* _Entries provided_
>>>>
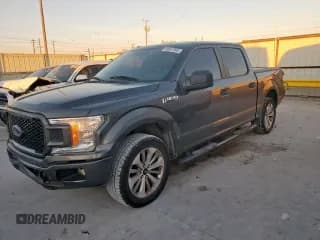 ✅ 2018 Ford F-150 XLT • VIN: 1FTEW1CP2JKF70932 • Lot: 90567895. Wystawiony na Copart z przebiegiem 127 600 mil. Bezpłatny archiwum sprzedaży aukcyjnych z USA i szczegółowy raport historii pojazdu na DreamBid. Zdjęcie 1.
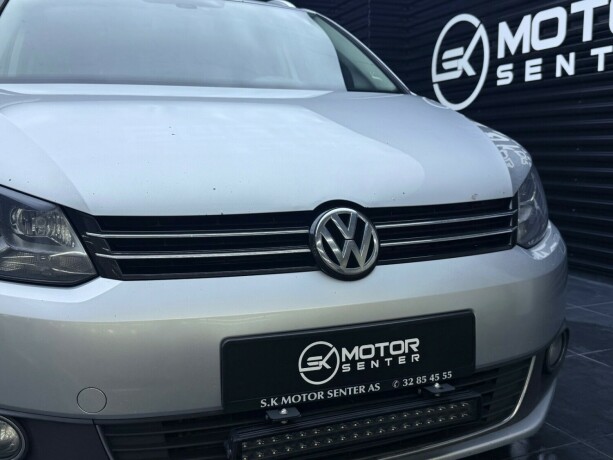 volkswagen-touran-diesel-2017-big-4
<<<<
>>>>
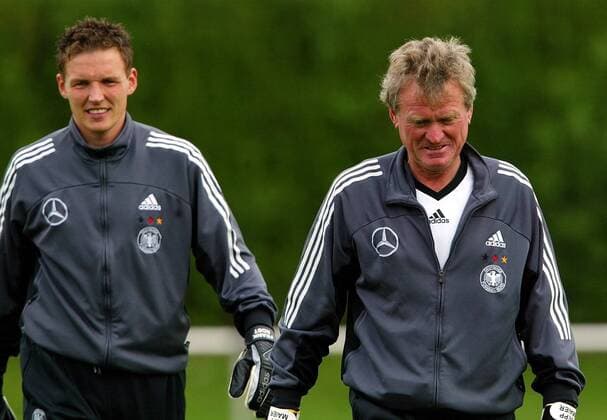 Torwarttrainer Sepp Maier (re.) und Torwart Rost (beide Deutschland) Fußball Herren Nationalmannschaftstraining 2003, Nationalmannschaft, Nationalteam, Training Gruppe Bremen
<<<<
>>>>
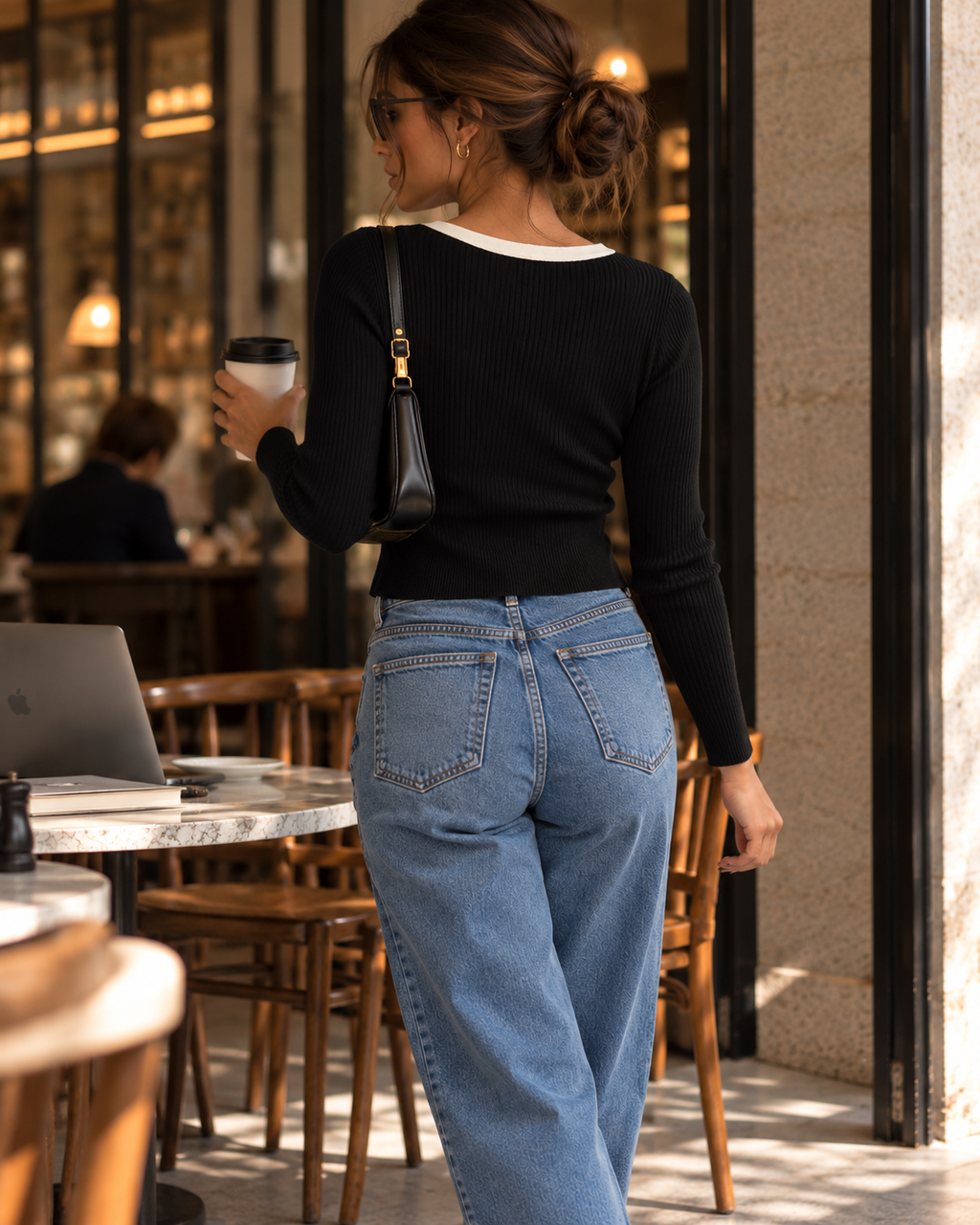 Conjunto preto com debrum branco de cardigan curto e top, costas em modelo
<<<<
"DreamBid. Zdjęcie 1." marks the first line to copy, and "volkswagen-touran-diesel-2017-big-4" marks the last. Repeat that stretch above exactly, with no pictures.

 ✅ 2018 Ford F-150 XLT • VIN: 1FTEW1CP2JKF70932 • Lot: 90567895. Wystawiony na Copart z przebiegiem 127 600 mil. Bezpłatny archiwum sprzedaży aukcyjnych z USA i szczegółowy raport historii pojazdu na DreamBid. Zdjęcie 1.
 volkswagen-touran-diesel-2017-big-4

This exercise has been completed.